### DATA FOR THIS TASK
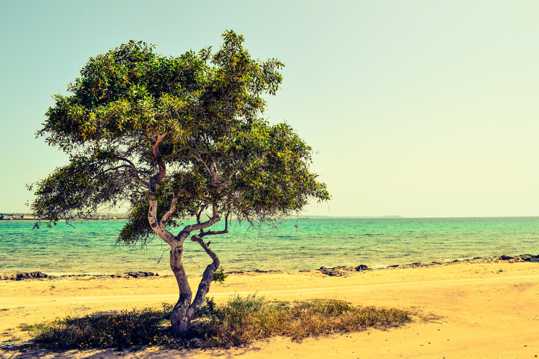 塞浦路斯海滨唯美自然风光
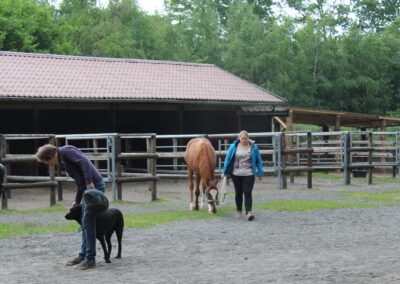 2018: IPG Reken ANGSTFREI REITEN – LIVE IM REITRING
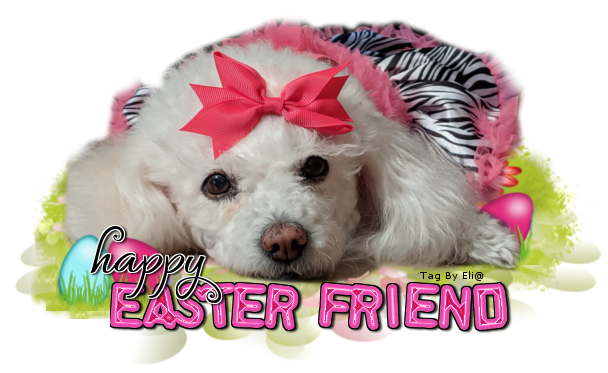Happy Easter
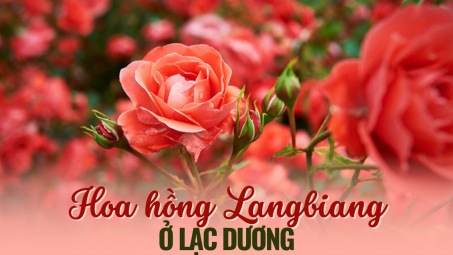 Hoa hồng Langbiang ở Lạc Dương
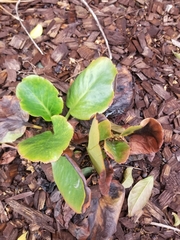 Bergenia
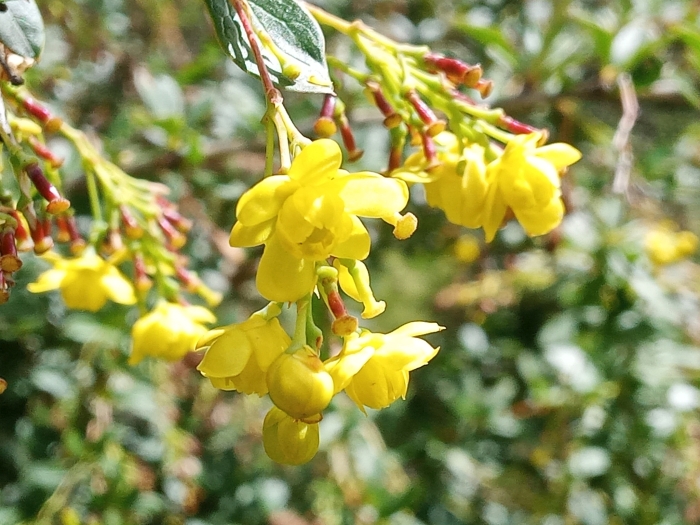 Berberis aristata image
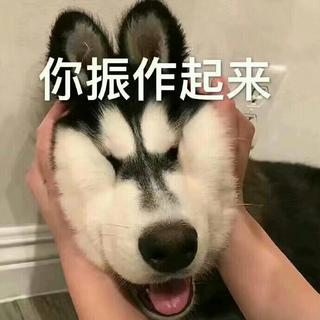 蹦迪 酒吧必备歌单
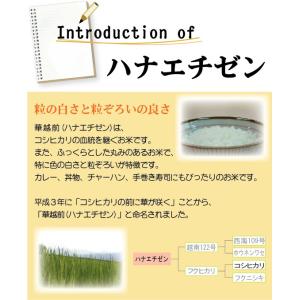 [特価][人気商品 新米で登場] 新米 令和8...の詳細画像2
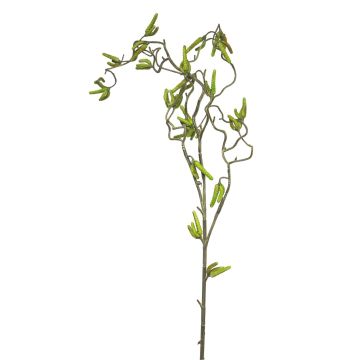 Ramo decorativo di nocciolo SIHAO con amenti, verde, 100 cm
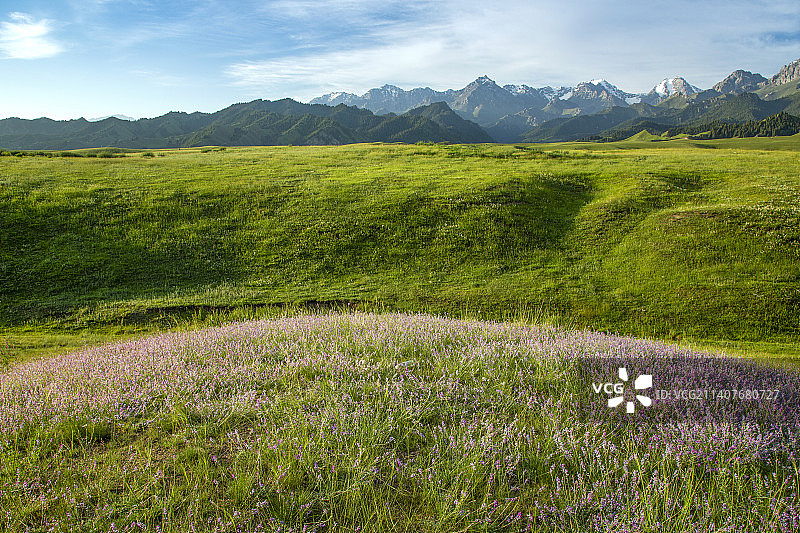 塔城沙湾县鹿角湾草场晨光图片素材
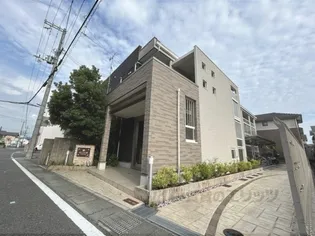 カモミール万葉の画像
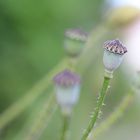 Mohn ist immer schön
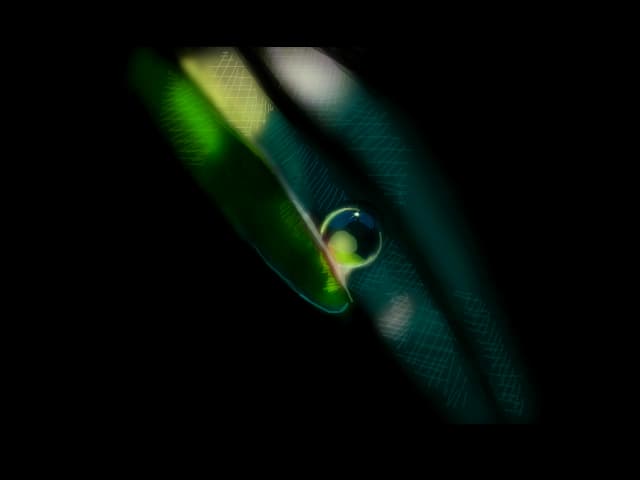 Water drop.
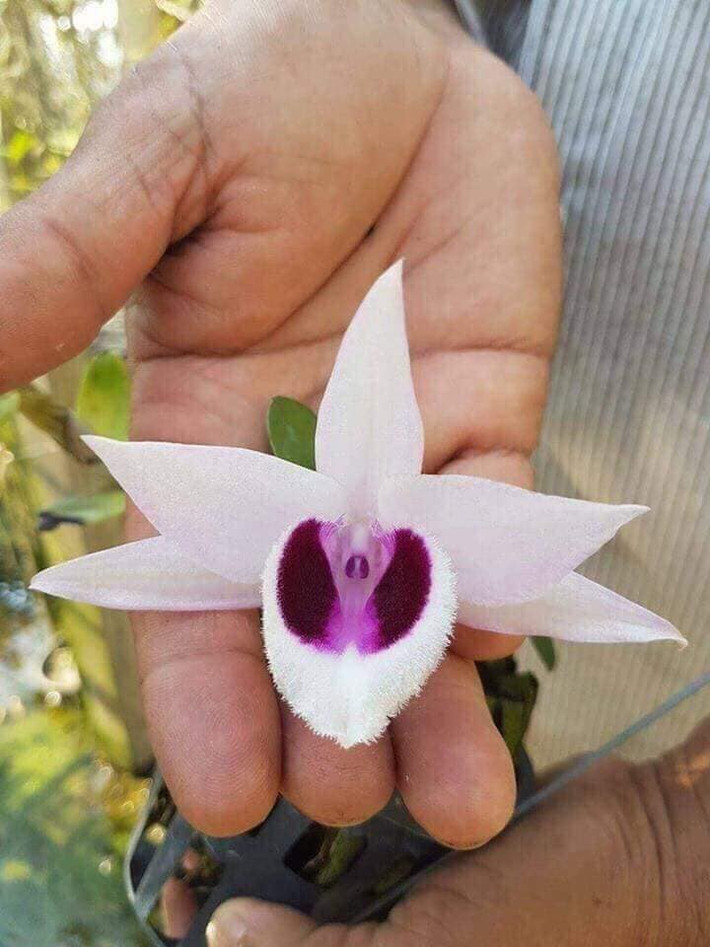 Giá bán dựa trên mỗi cm thường do chủ cây lan quyết định, nhưng thông thường khoảng 2 - 3 triệu đồng/cm, thậm chí 5 triệu đồng/cm. Ảnh: FB Học Viện Nông Nghiệp Hà Nội..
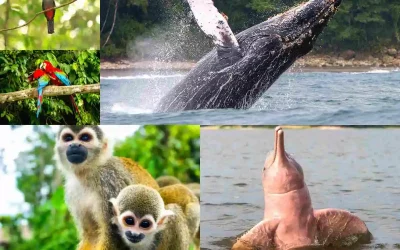 Exotic Animals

### EXERCISE DESCRIPTION
Pictures stay out of this copy; write out the entries above exactly.

### RESPONSE TO THE TASK
 塞浦路斯海滨唯美自然风光
 2018: IPG Reken ANGSTFREI REITEN – LIVE IM REITRING
Happy Easter
 Hoa hồng Langbiang ở Lạc Dương
 Bergenia
 Berberis aristata image
 蹦迪 酒吧必备歌单
 [特価][人気商品 新米で登場] 新米 令和8...の詳細画像2
 Ramo decorativo di nocciolo SIHAO con amenti, verde, 100 cm
 塔城沙湾县鹿角湾草场晨光图片素材
 カモミール万葉の画像
 Mohn ist immer schön
 Water drop.
 Giá bán dựa trên mỗi cm thường do chủ cây lan quyết định, nhưng thông thường khoảng 2 - 3 triệu đồng/cm, thậm chí 5 triệu đồng/cm. Ảnh: FB Học Viện Nông Nghiệp Hà Nội..
 Exotic Animals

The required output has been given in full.